Every line of the data must be set down exactly as shown.

[PROVIDED DATA]

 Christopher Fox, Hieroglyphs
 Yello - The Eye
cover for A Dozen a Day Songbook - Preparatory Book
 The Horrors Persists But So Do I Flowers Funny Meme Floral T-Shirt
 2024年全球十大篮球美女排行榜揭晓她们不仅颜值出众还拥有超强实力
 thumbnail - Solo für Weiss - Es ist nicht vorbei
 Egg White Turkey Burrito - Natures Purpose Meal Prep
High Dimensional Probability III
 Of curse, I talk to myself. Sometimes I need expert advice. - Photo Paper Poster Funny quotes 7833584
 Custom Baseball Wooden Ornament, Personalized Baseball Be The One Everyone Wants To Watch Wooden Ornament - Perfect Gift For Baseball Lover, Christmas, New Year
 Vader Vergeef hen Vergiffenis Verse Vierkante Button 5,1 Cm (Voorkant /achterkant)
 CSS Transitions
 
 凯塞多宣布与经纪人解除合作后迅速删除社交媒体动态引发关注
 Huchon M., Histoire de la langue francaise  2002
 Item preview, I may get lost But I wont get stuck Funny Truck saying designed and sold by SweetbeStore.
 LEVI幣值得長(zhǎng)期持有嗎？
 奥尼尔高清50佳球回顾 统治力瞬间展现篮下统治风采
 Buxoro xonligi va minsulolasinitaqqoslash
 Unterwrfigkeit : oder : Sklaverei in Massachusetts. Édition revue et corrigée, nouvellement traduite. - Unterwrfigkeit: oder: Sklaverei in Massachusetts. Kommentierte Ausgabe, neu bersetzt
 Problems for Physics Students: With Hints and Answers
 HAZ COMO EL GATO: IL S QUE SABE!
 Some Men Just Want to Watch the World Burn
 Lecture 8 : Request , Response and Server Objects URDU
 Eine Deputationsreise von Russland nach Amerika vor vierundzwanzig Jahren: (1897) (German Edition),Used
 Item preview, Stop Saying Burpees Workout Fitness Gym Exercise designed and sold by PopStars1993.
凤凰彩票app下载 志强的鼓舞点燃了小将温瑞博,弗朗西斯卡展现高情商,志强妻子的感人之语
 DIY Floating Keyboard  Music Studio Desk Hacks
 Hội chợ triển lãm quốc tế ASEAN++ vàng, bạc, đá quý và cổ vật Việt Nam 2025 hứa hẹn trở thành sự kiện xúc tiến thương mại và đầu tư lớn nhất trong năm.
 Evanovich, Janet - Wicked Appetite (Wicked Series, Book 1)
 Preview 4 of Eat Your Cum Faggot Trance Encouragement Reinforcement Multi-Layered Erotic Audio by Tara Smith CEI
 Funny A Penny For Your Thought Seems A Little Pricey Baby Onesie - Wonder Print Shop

[/PROVIDED DATA]

RESPONSE BOX:
 Christopher Fox, Hieroglyphs
 Yello - The Eye
cover for A Dozen a Day Songbook - Preparatory Book
 The Horrors Persists But So Do I Flowers Funny Meme Floral T-Shirt
 2024年全球十大篮球美女排行榜揭晓她们不仅颜值出众还拥有超强实力
 thumbnail - Solo für Weiss - Es ist nicht vorbei
 Egg White Turkey Burrito - Natures Purpose Meal Prep
High Dimensional Probability III
 Of curse, I talk to myself. Sometimes I need expert advice. - Photo Paper Poster Funny quotes 7833584
 Custom Baseball Wooden Ornament, Personalized Baseball Be The One Everyone Wants To Watch Wooden Ornament - Perfect Gift For Baseball Lover, Christmas, New Year
 Vader Vergeef hen Vergiffenis Verse Vierkante Button 5,1 Cm (Voorkant /achterkant)
 CSS Transitions
 
 凯塞多宣布与经纪人解除合作后迅速删除社交媒体动态引发关注
 Huchon M., Histoire de la langue francaise  2002
 Item preview, I may get lost But I wont get stuck Funny Truck saying designed and sold by SweetbeStore.
 LEVI幣值得長(zhǎng)期持有嗎？
 奥尼尔高清50佳球回顾 统治力瞬间展现篮下统治风采
 Buxoro xonligi va minsulolasinitaqqoslash
 Unterwrfigkeit : oder : Sklaverei in Massachusetts. Édition revue et corrigée, nouvellement traduite. - Unterwrfigkeit: oder: Sklaverei in Massachusetts. Kommentierte Ausgabe, neu bersetzt
 Problems for Physics Students: With Hints and Answers
 HAZ COMO EL GATO: IL S QUE SABE!
 Some Men Just Want to Watch the World Burn
 Lecture 8 : Request , Response and Server Objects URDU
 Eine Deputationsreise von Russland nach Amerika vor vierundzwanzig Jahren: (1897) (German Edition),Used
 Item preview, Stop Saying Burpees Workout Fitness Gym Exercise designed and sold by PopStars1993.
凤凰彩票app下载 志强的鼓舞点燃了小将温瑞博,弗朗西斯卡展现高情商,志强妻子的感人之语
 DIY Floating Keyboard  Music Studio Desk Hacks
 Hội chợ triển lãm quốc tế ASEAN++ vàng, bạc, đá quý và cổ vật Việt Nam 2025 hứa hẹn trở thành sự kiện xúc tiến thương mại và đầu tư lớn nhất trong năm.
 Evanovich, Janet - Wicked Appetite (Wicked Series, Book 1)
 Preview 4 of Eat Your Cum Faggot Trance Encouragement Reinforcement Multi-Layered Erotic Audio by Tara Smith CEI
 Funny A Penny For Your Thought Seems A Little Pricey Baby Onesie - Wonder Print Shop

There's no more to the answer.